(ASSIGNED TASK):
Word for word, please copy the listing below, with its pictures left out.

(MATERIAL PROVIDED):
-----

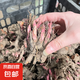重瓣大花芍藥花苗帶芽根塊四季花卉多年生陽臺(tái)庭院芍藥花戶外盆栽 1紅魅【5－8芽】根塊8-13cm 不含盆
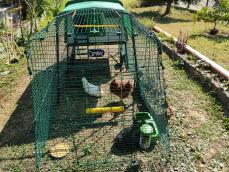 En hønsegynge installeret i en hønsegård, der er forbundet med en hønsegård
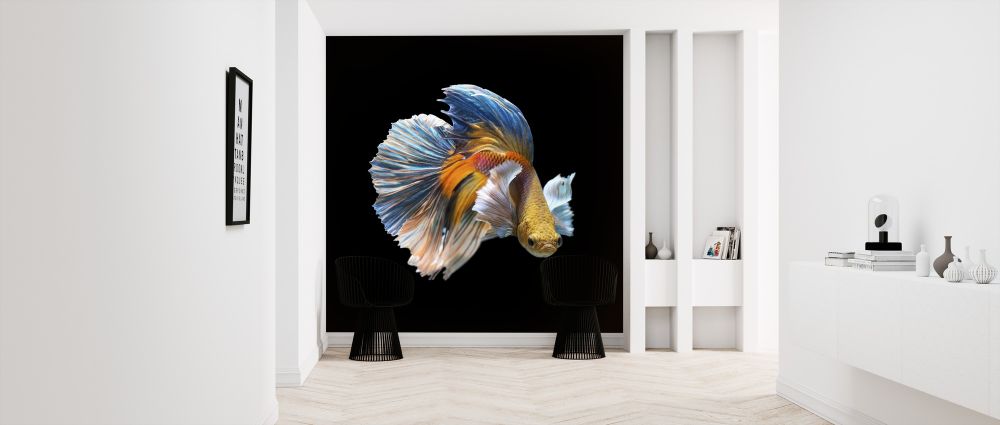 輸入壁紙 カスタム壁紙 PHOTOWALL / Siamese Fighting Fish (e318293)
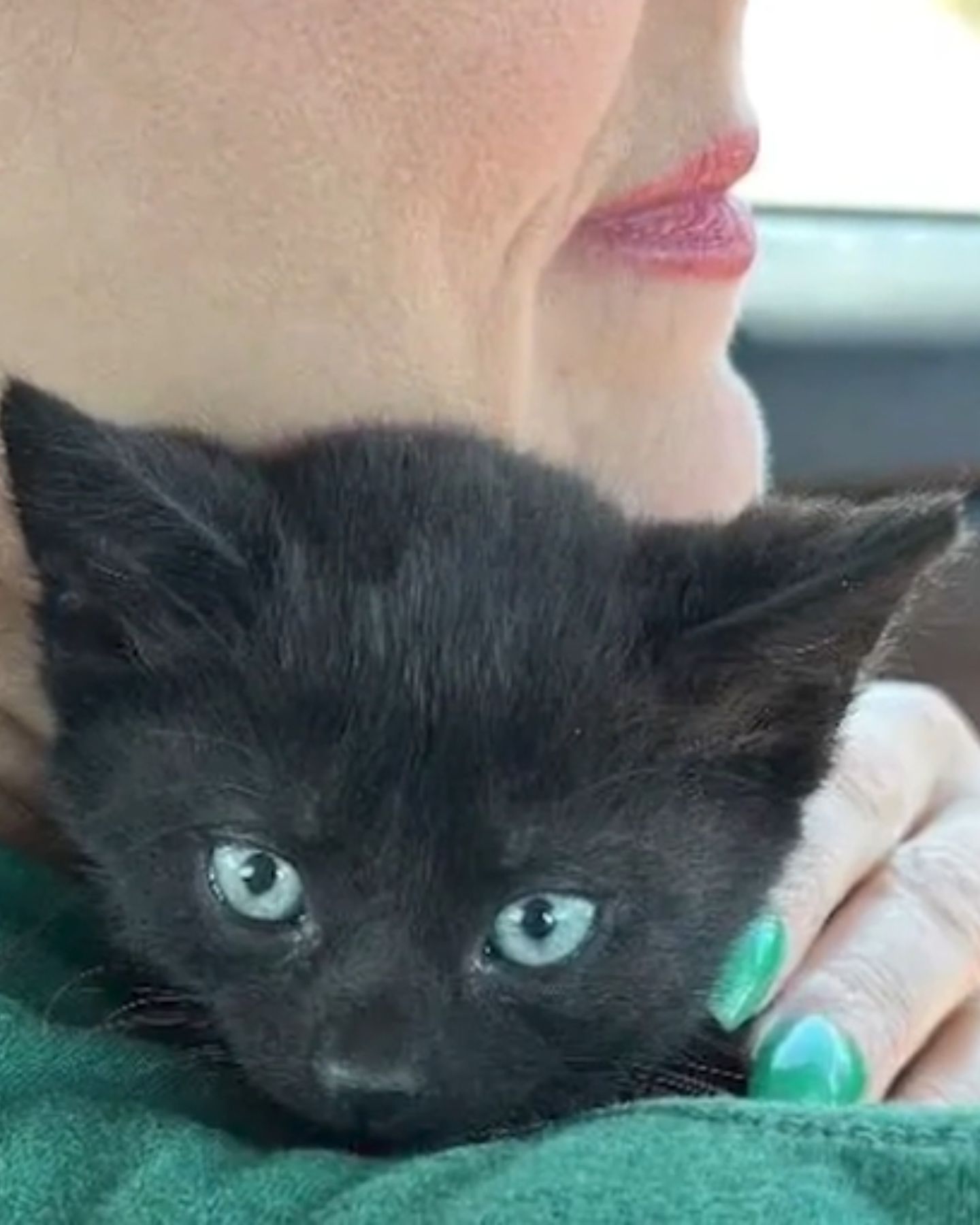 small black cat on a woman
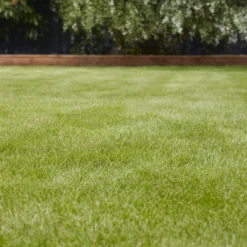 Verve Universal Grass Seeds, 1.5kg 9 Verve Universal Grass Seeds, 1.5kg -Outdoor Garden Shop verve universal grass seeds 1 5kg3663602947455 01i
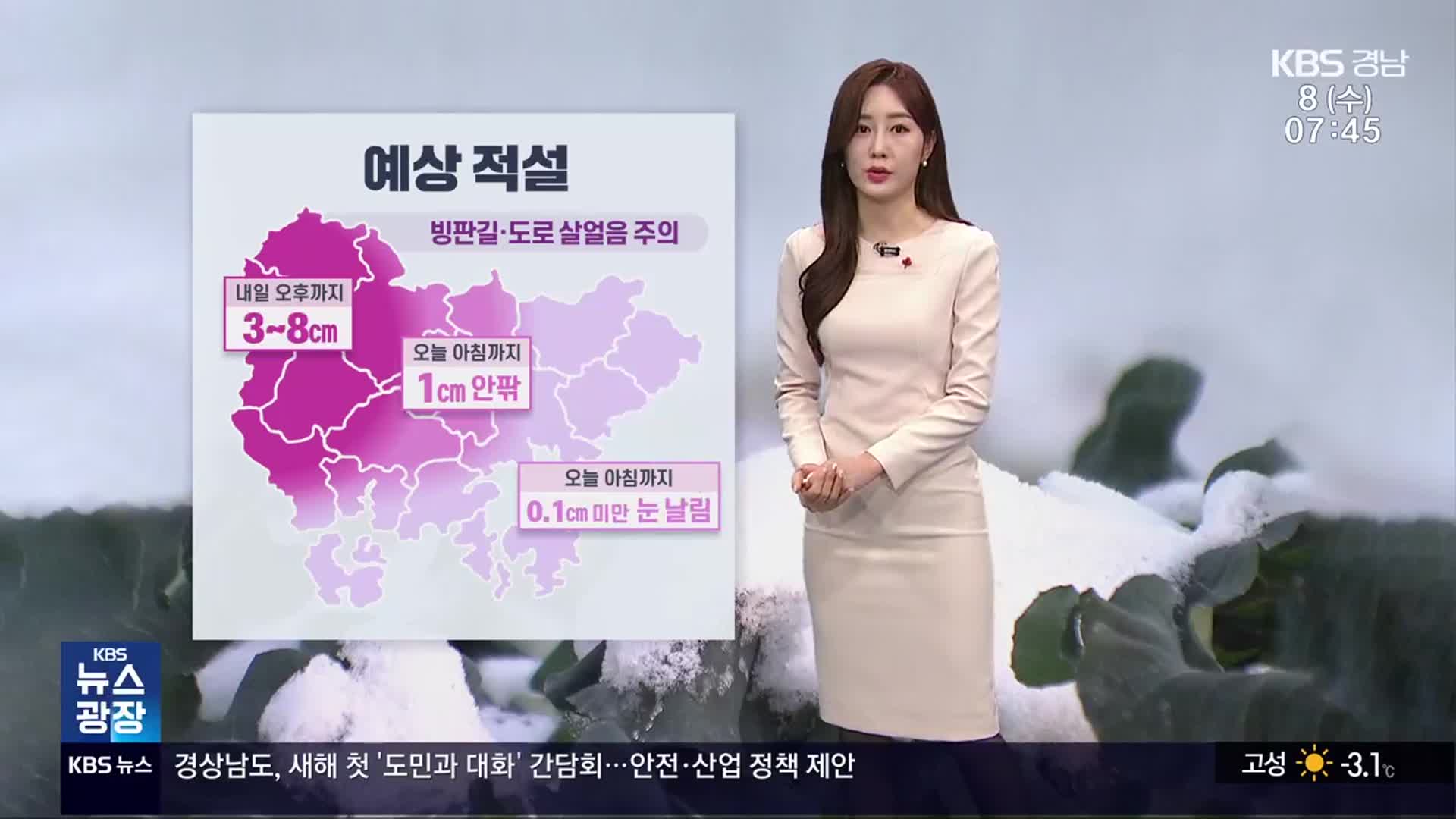 [날씨] 경남 서부내륙 많은 눈…모레까지 최대 8cm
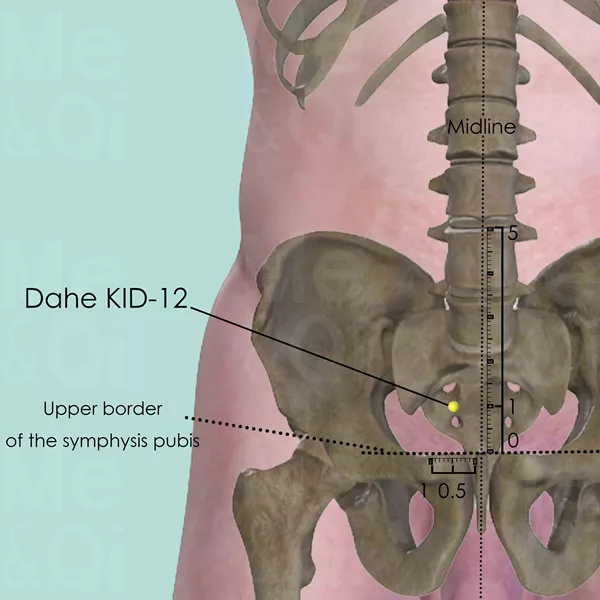 Dahe KID-12 - Bones view - Acupuncture point on Kidney Channel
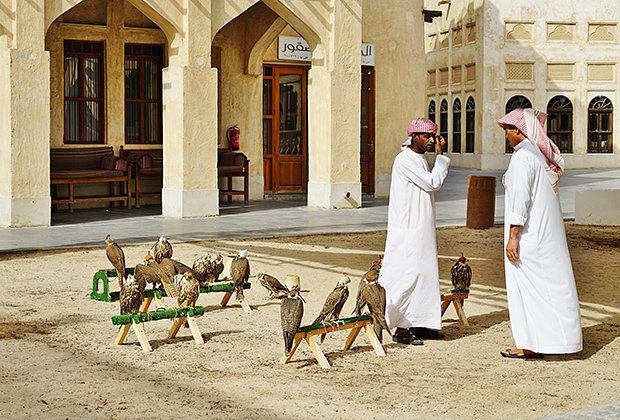DOHA, QATAR -22 DEC 2016- Qatari men with hunting falcons at the Falcon Souq, a market selling live falcon birds and falconry equipment located in the center of Doha.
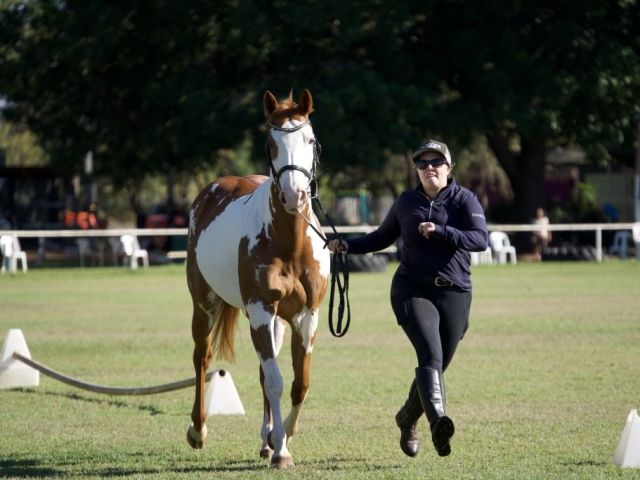 equestrian event at the Kununurra ag show 2026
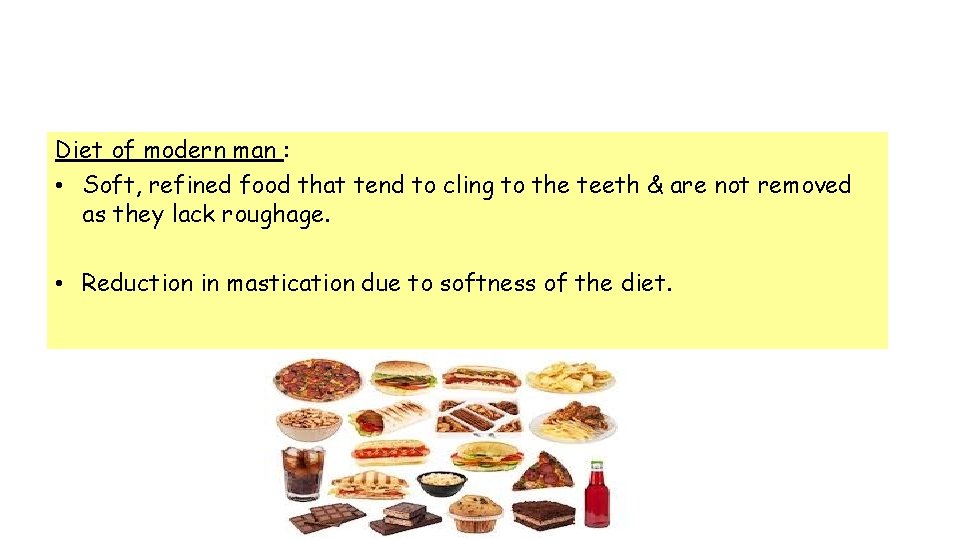 Diet of modern man : • Soft, refined food that tend to cling to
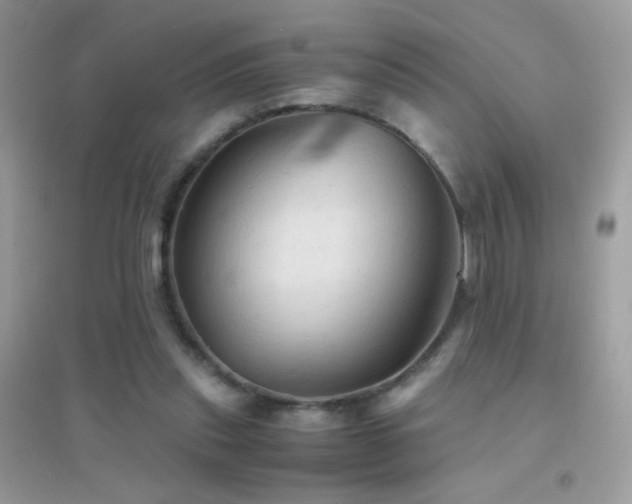 X0000095120253200712071246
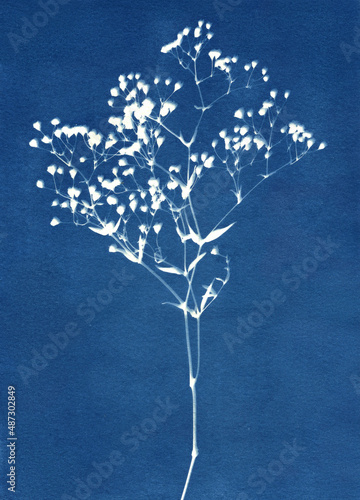 Sun-printing or cyanotype process. 
Skeleton leaf cyanotype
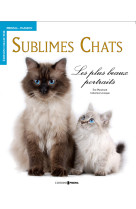 Sublimes chats - les plus beaux portraits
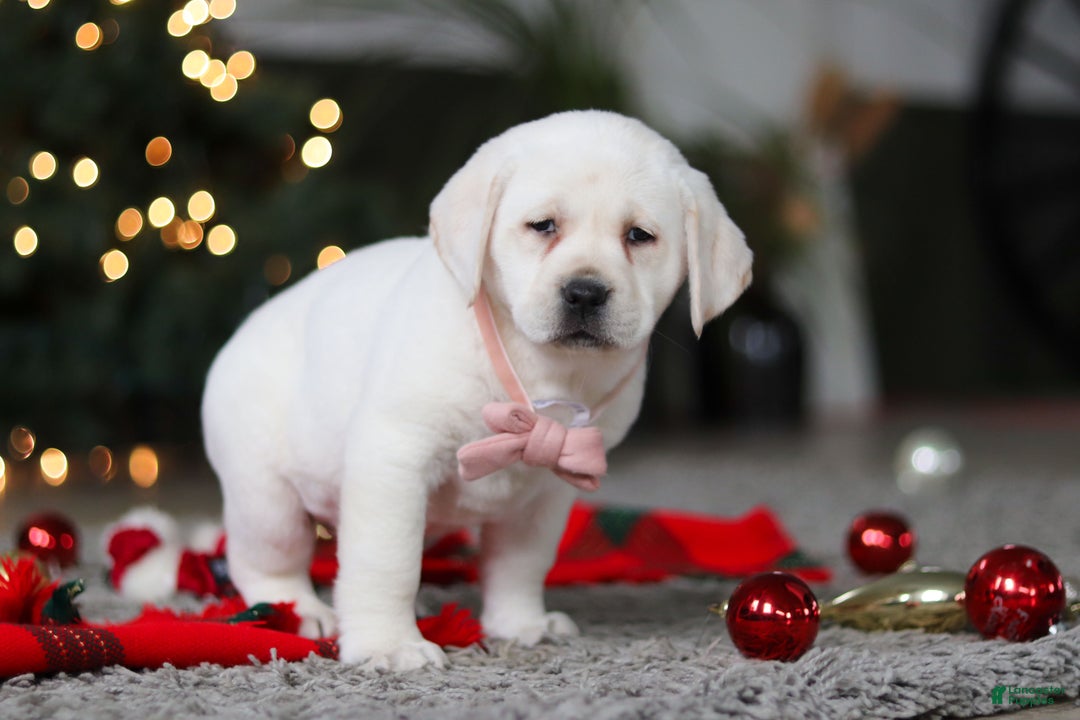 Labrador Retriever dogs for sale: Besty - Ad 7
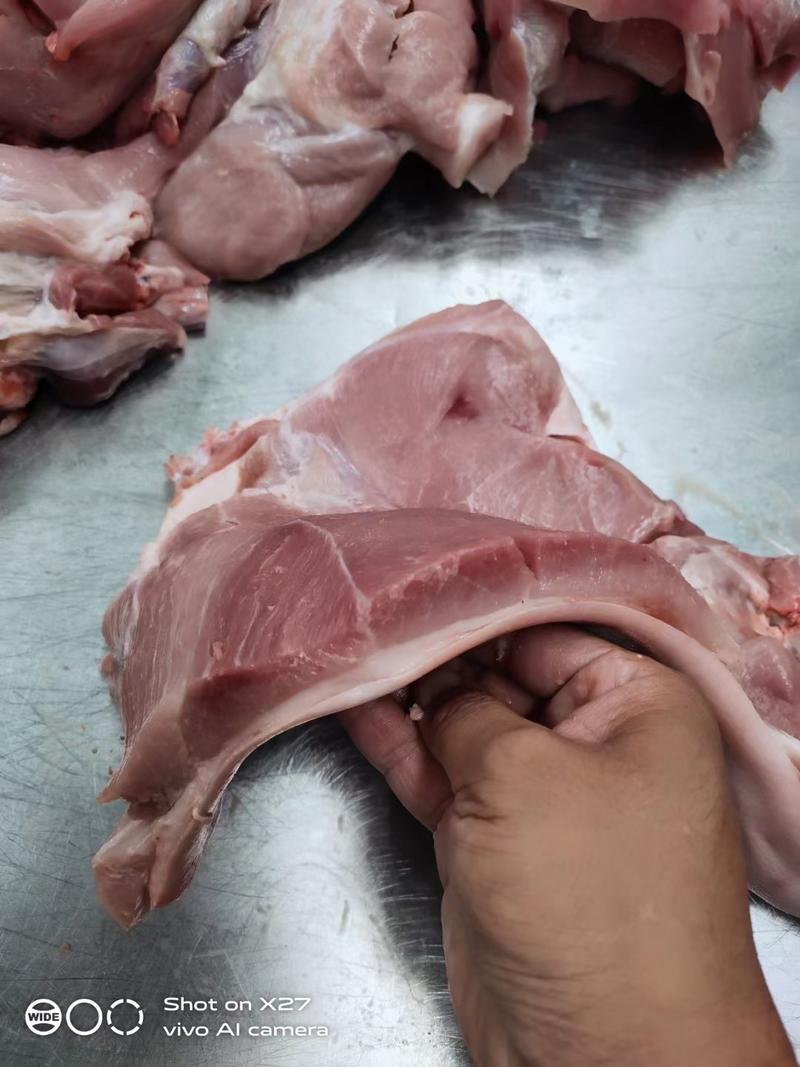 国产肥猪前后上肉4到7片装每天生产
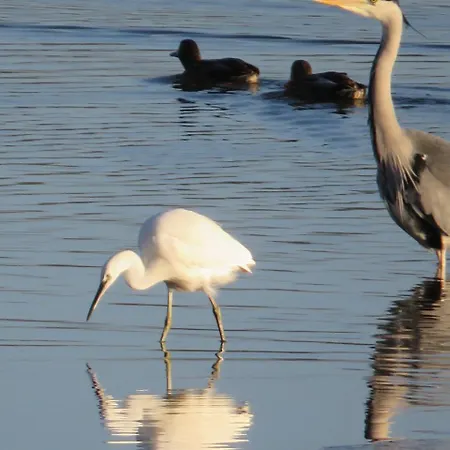 The Bay Horse And Restaurant 4*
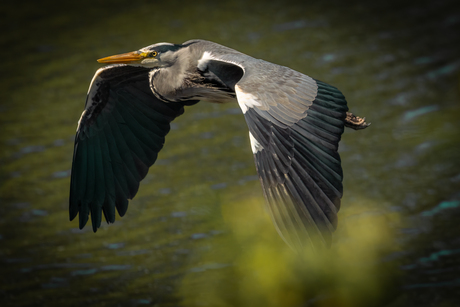 Reiger in vlucht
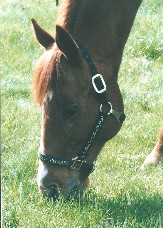 My Horse Grazing.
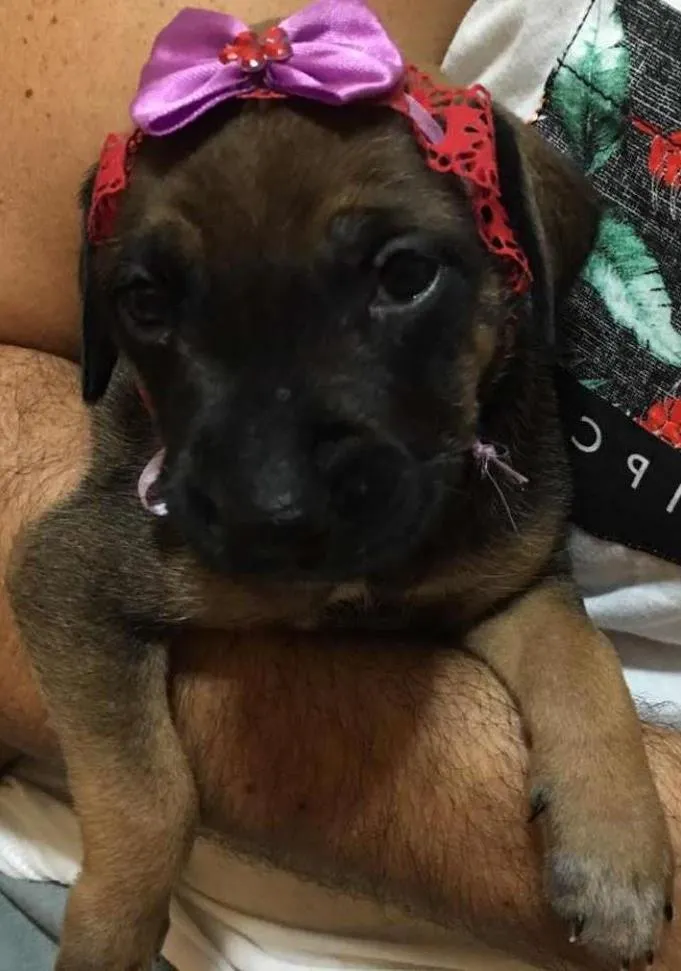 Cachorro ra a SRD idade Abaixo de 2 meses nome Shery
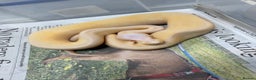 Python Snake reptiles for sale: Royal pythons  - Advert 10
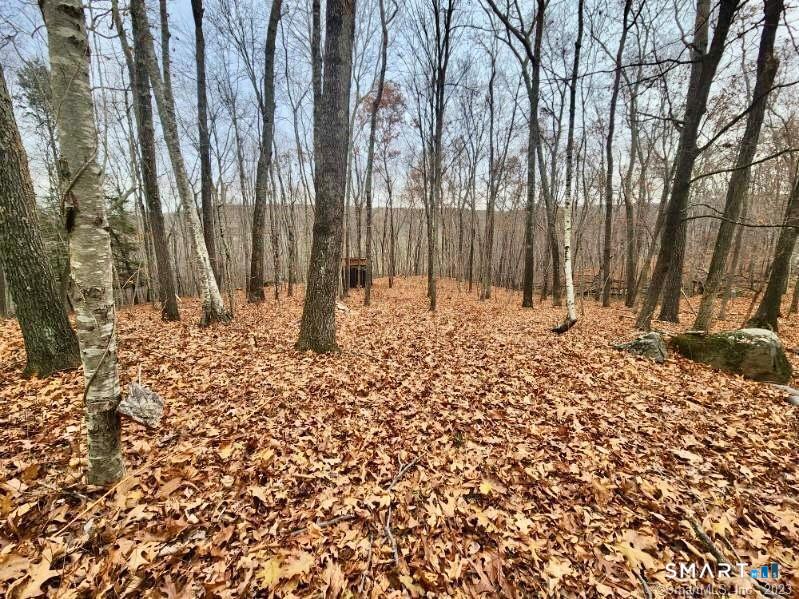49 Cards Mill Road Columbia, CT 06237 - Photo 10 of 32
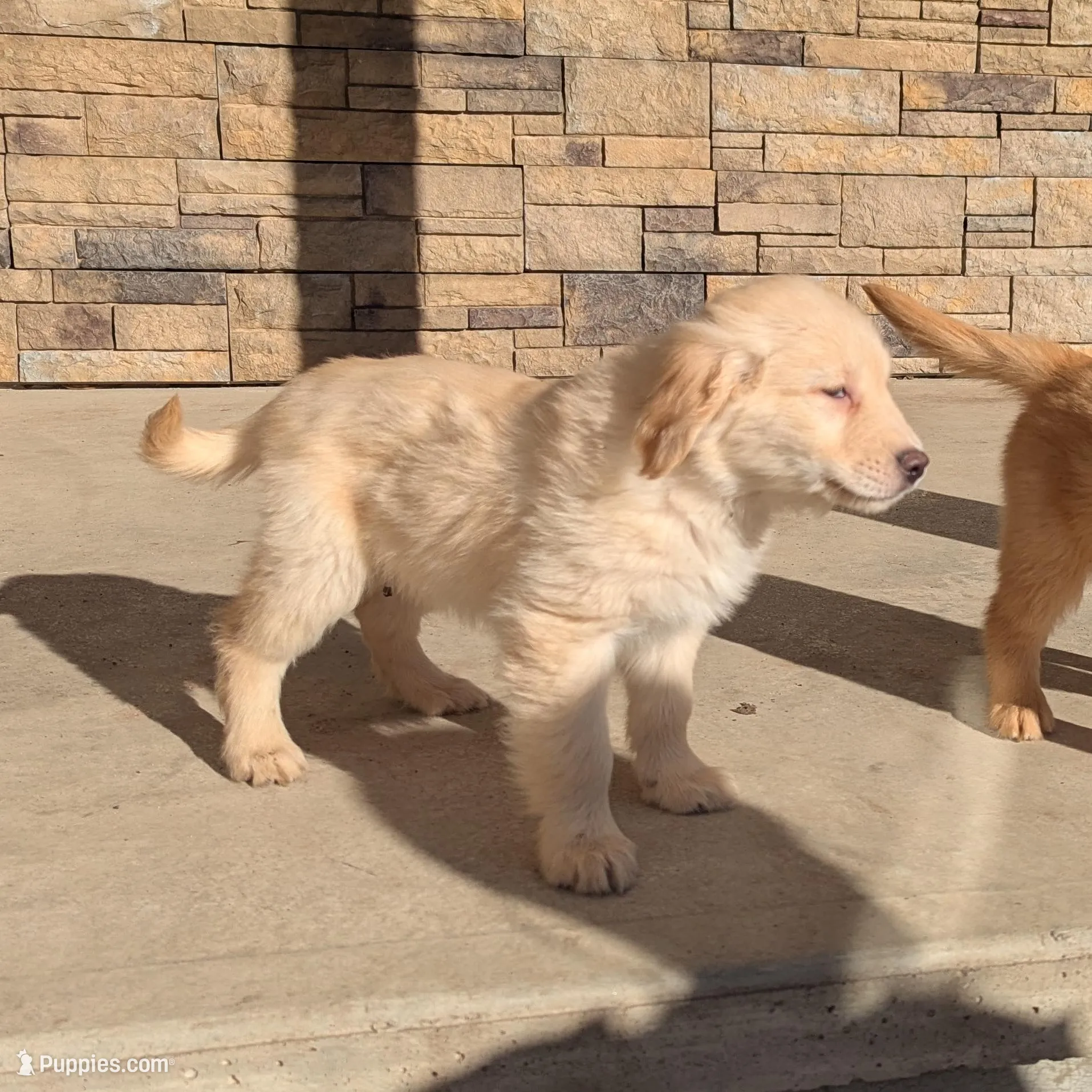 Charlie, a male Golden Retriever for sale in Savannah, NY – Photo 2 of 4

-----

(TASK SOLUTION):
重瓣大花芍藥花苗帶芽根塊四季花卉多年生陽臺(tái)庭院芍藥花戶外盆栽 1紅魅【5－8芽】根塊8-13cm 不含盆
 En hønsegynge installeret i en hønsegård, der er forbundet med en hønsegård
 輸入壁紙 カスタム壁紙 PHOTOWALL / Siamese Fighting Fish (e318293)
 small black cat on a woman
 Verve Universal Grass Seeds, 1.5kg 9 Verve Universal Grass Seeds, 1.5kg -Outdoor Garden Shop verve universal grass seeds 1 5kg3663602947455 01i
 [날씨] 경남 서부내륙 많은 눈…모레까지 최대 8cm
 Dahe KID-12 - Bones view - Acupuncture point on Kidney Channel
DOHA, QATAR -22 DEC 2016- Qatari men with hunting falcons at the Falcon Souq, a market selling live falcon birds and falconry equipment located in the center of Doha.
 equestrian event at the Kununurra ag show 2026
 Diet of modern man : • Soft, refined food that tend to cling to
 X0000095120253200712071246
 Sun-printing or cyanotype process. 
Skeleton leaf cyanotype
 Sublimes chats - les plus beaux portraits
 Labrador Retriever dogs for sale: Besty - Ad 7
 国产肥猪前后上肉4到7片装每天生产
 The Bay Horse And Restaurant 4*
 Reiger in vlucht
 My Horse Grazing.
 Cachorro ra a SRD idade Abaixo de 2 meses nome Shery
 Python Snake reptiles for sale: Royal pythons  - Advert 10
49 Cards Mill Road Columbia, CT 06237 - Photo 10 of 32
 Charlie, a male Golden Retriever for sale in Savannah, NY – Photo 2 of 4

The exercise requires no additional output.